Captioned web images
------------------------------------------------

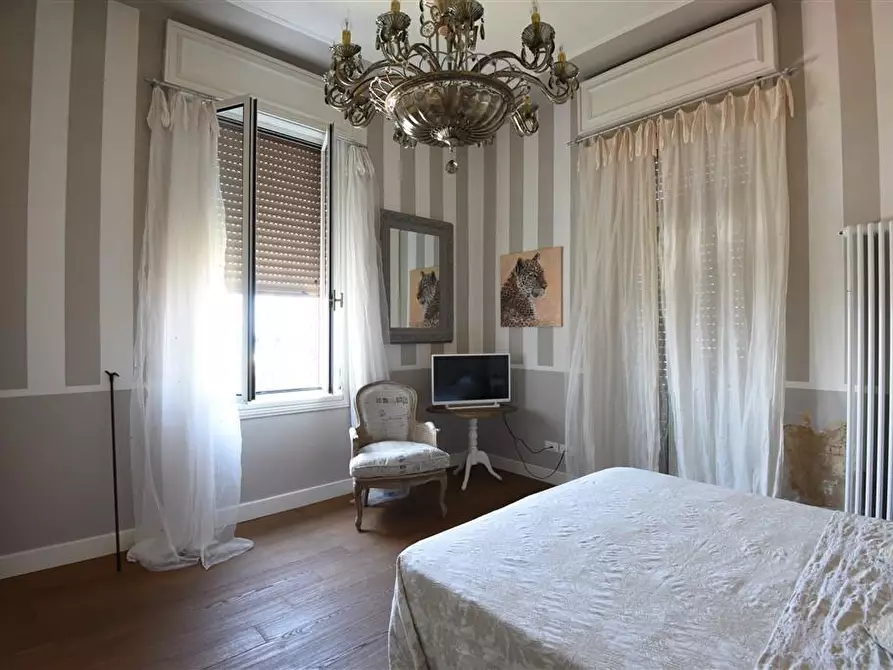 Immagine 3 di Casa indipendente in vendita  a Massa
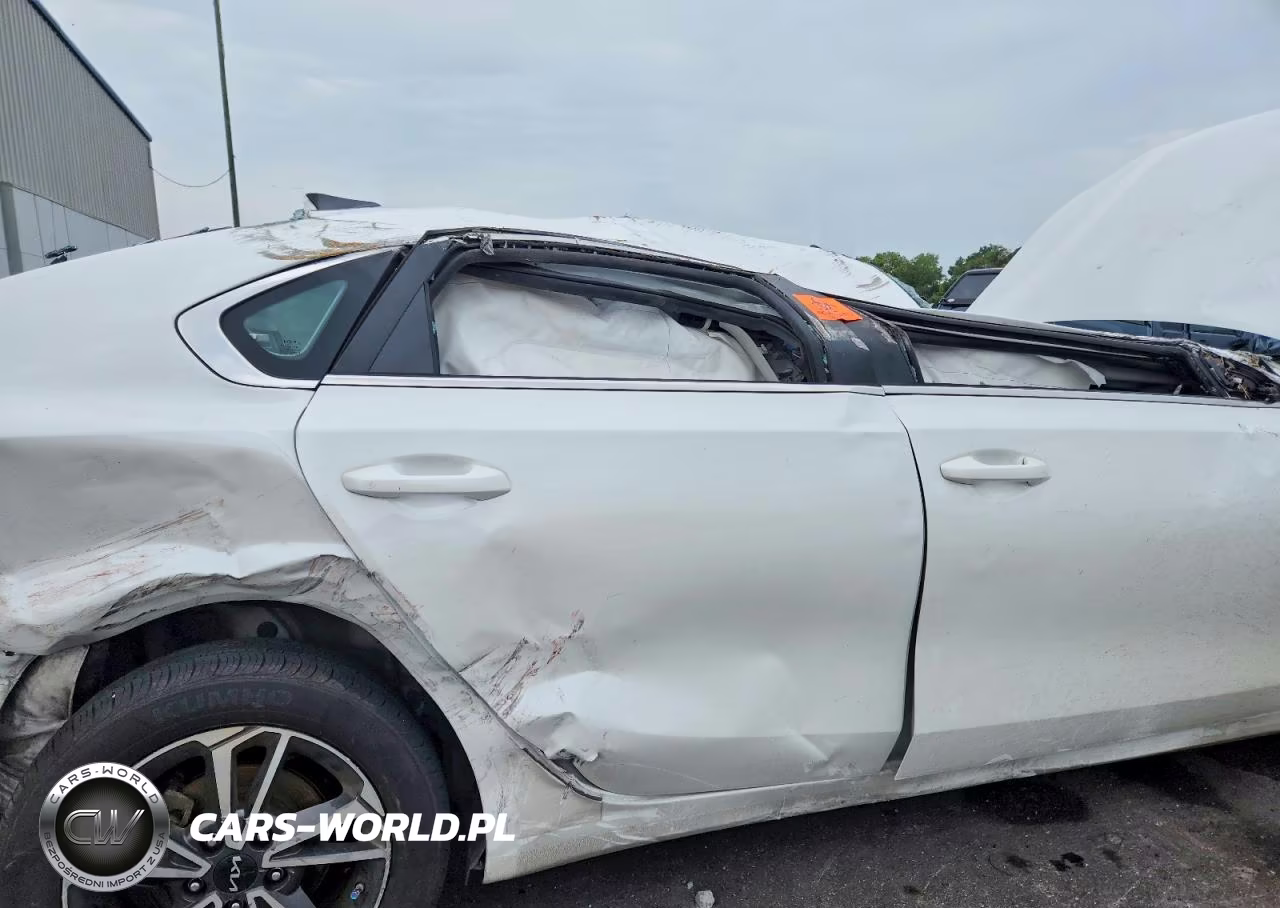 2023 Kia Forte Ex VIN:3KPF34AD1PE650662 - 10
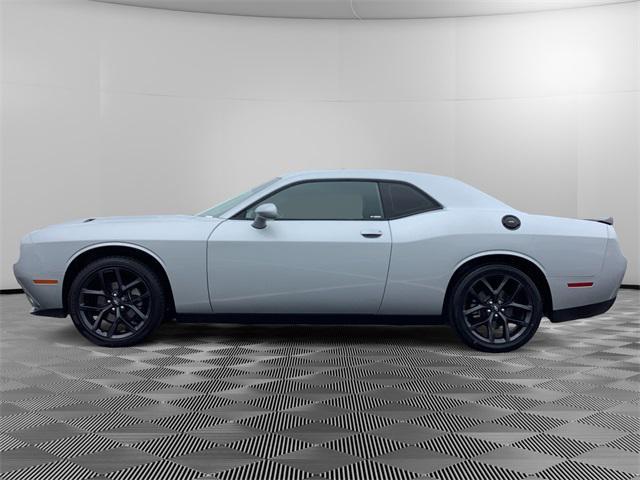 2021 dodge challenger sxt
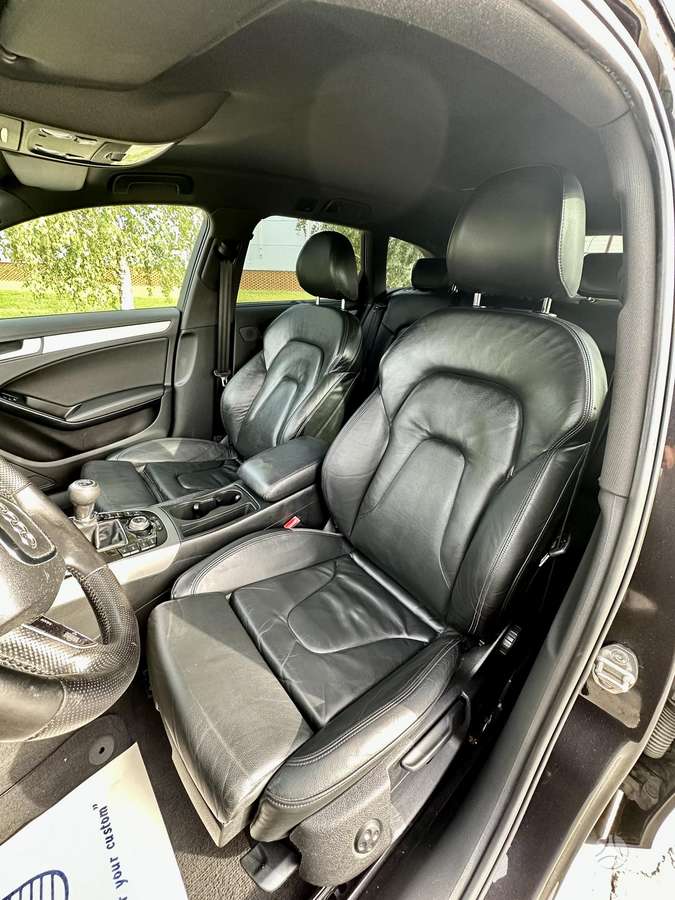 Audi A4 2009 — photo 14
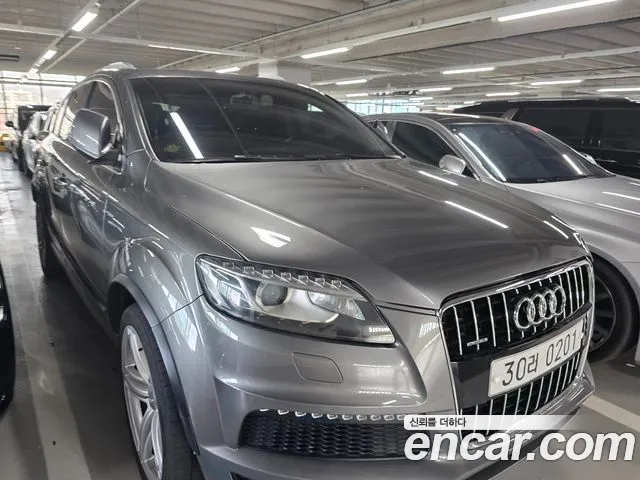 Audi Q7 — экстерьер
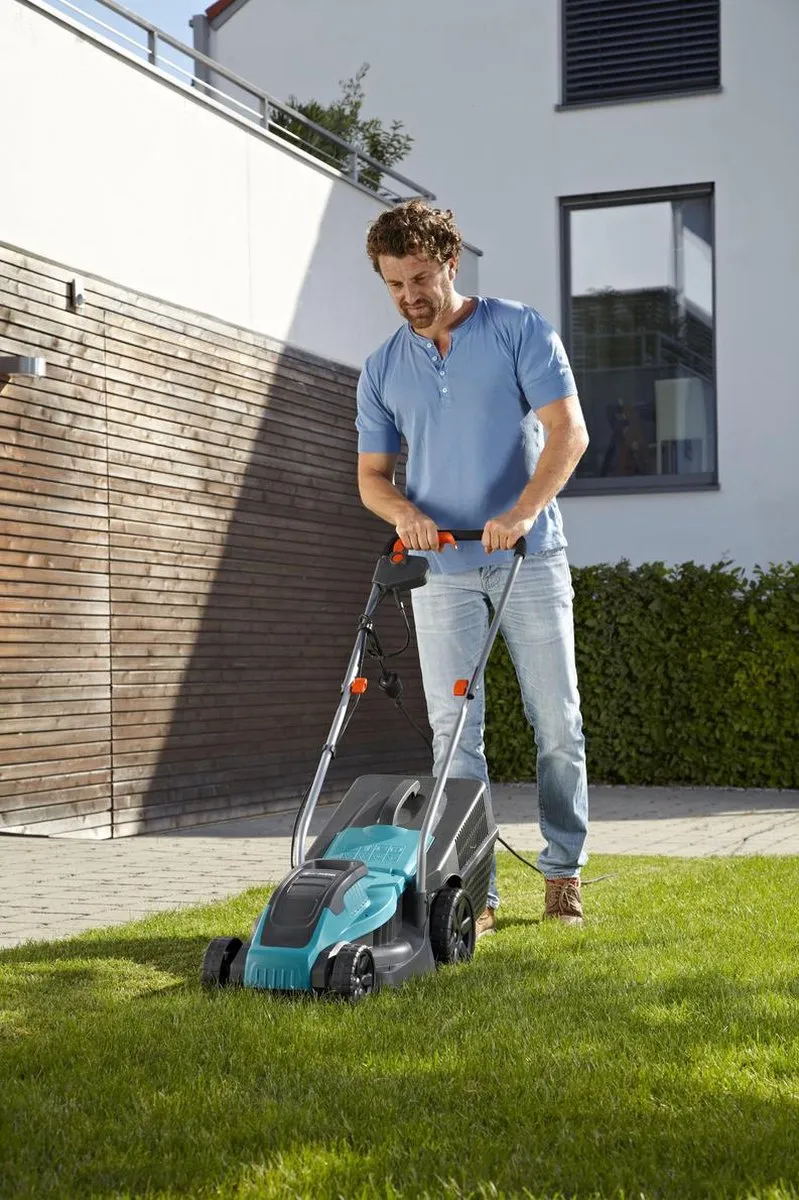 Gardena PowerMax 32 Grasmaaier - 32cm - 1100W - 30L - afbeelding 6 van 6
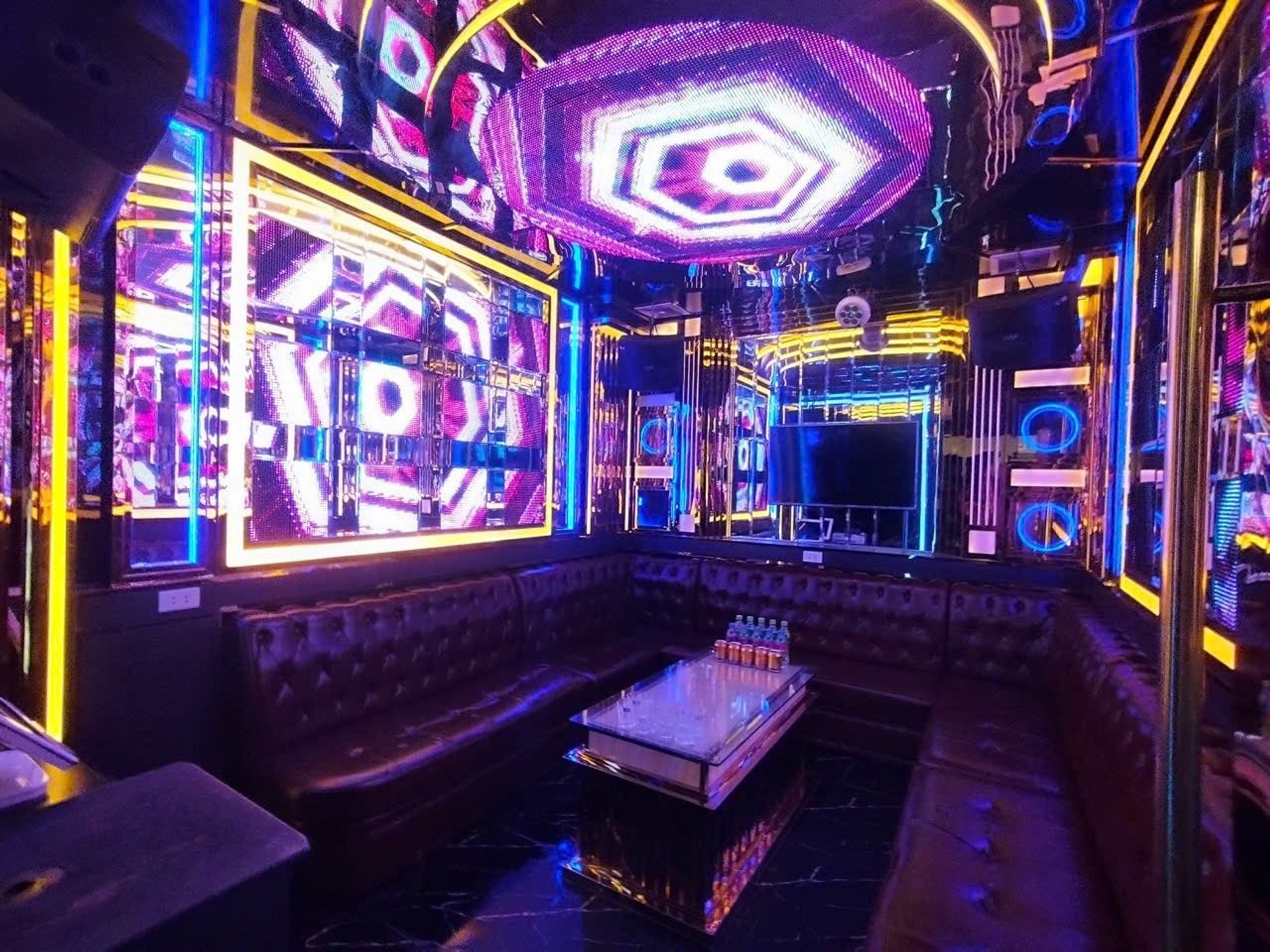 Bán nhà Kim Giang - diện tích 83m2 6 tầng - Mặt phố VIP kinh doanh sầm uất - giá 43 tỷ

------------------------------------------------

- PROBLEM TO SOLVE
Every line of the records above should be copied exactly, while the pictures are left behind.

- OUTPUT
 Immagine 3 di Casa indipendente in vendita  a Massa
 2023 Kia Forte Ex VIN:3KPF34AD1PE650662 - 10
 2021 dodge challenger sxt
 Audi A4 2009 — photo 14
 Audi Q7 — экстерьер
 Gardena PowerMax 32 Grasmaaier - 32cm - 1100W - 30L - afbeelding 6 van 6
 Bán nhà Kim Giang - diện tích 83m2 6 tầng - Mặt phố VIP kinh doanh sầm uất - giá 43 tỷ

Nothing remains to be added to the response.